## Information provided
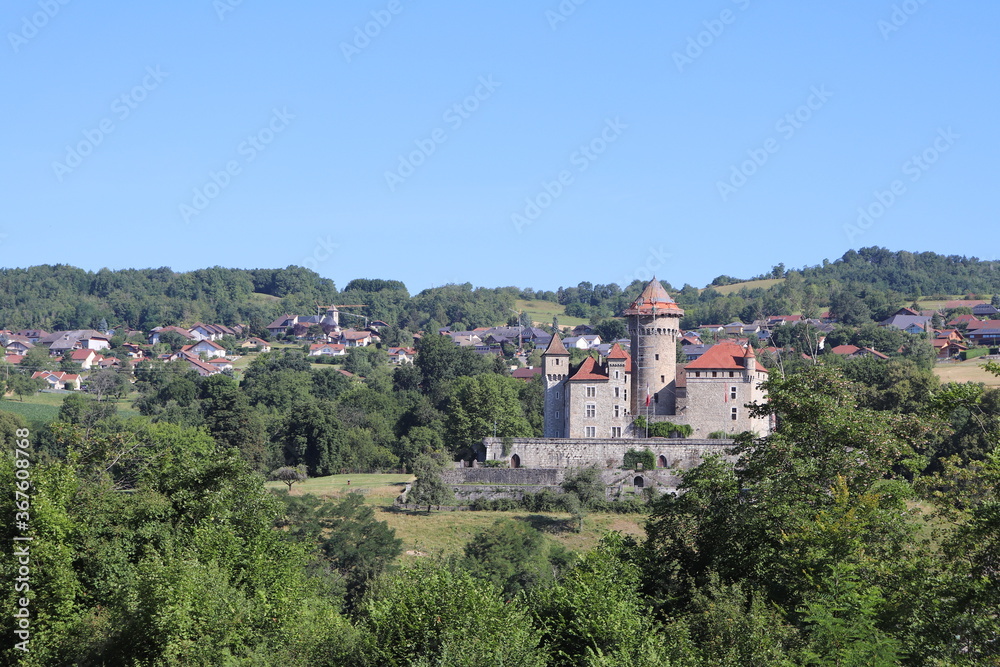 Le château de Montrottier vu de l'extérieur, ville de Lovagny, département de Haute Savoie, France 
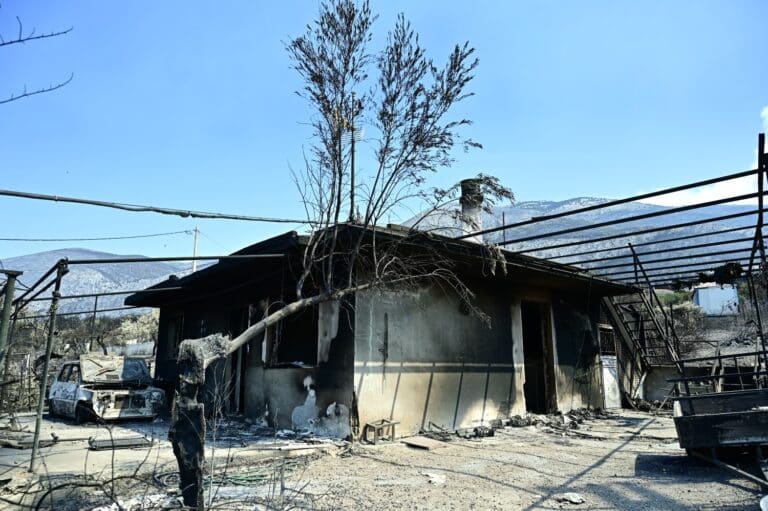 Ανακοινώθηκαν μέτρα στήριξης για τους πυρόπληκτους της Δυτικής Αττικής – Αποζημιώσεις και αντιπλημμυρικά έργα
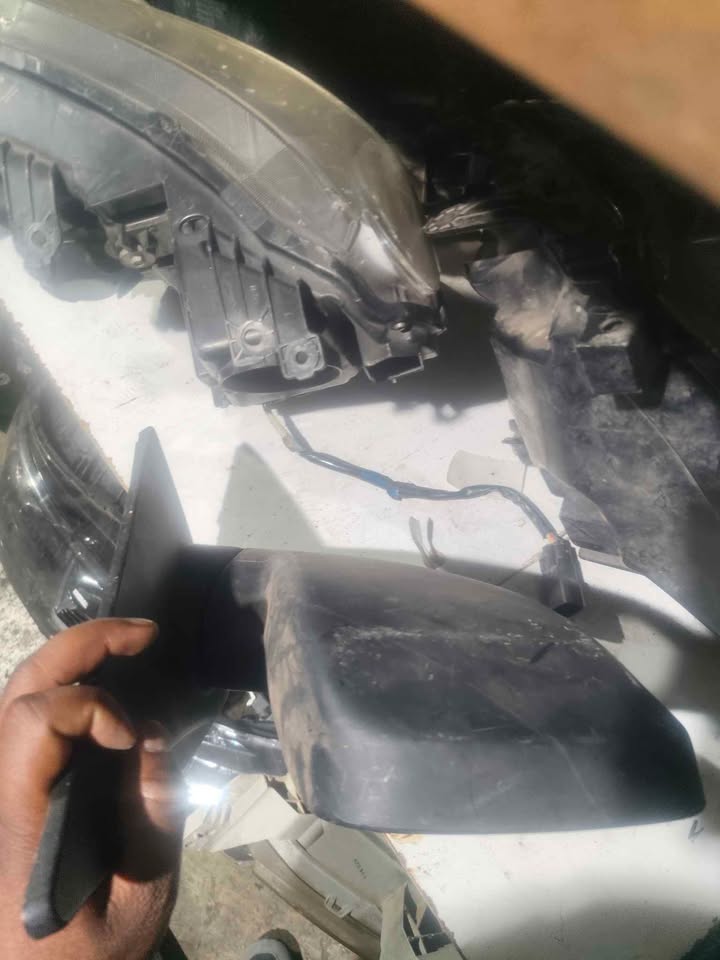Jac right side mirror - Private Seller Jac right side mirror - Private Seller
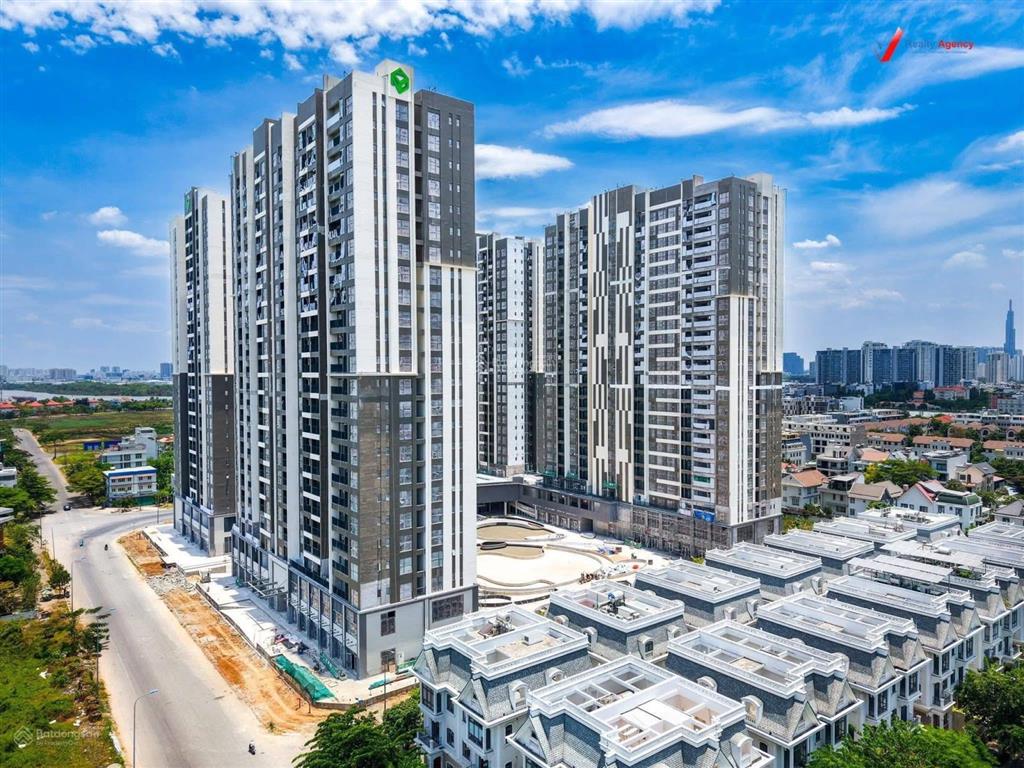 Đón sóng bàn giao với căn 2pn view nội khu giá chỉ 6,24 tỷ.  hoài châu 0939 420 ***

## What is needed
Would you set down, word for word, the lines running from the one that contains "Ανακοινώθηκαν μέτρα στήριξης" to the last line of the material, omitting all pictures?

## Answer area
 Ανακοινώθηκαν μέτρα στήριξης για τους πυρόπληκτους της Δυτικής Αττικής – Αποζημιώσεις και αντιπλημμυρικά έργα
Jac right side mirror - Private Seller Jac right side mirror - Private Seller
 Đón sóng bàn giao với căn 2pn view nội khu giá chỉ 6,24 tỷ.  hoài châu 0939 420 ***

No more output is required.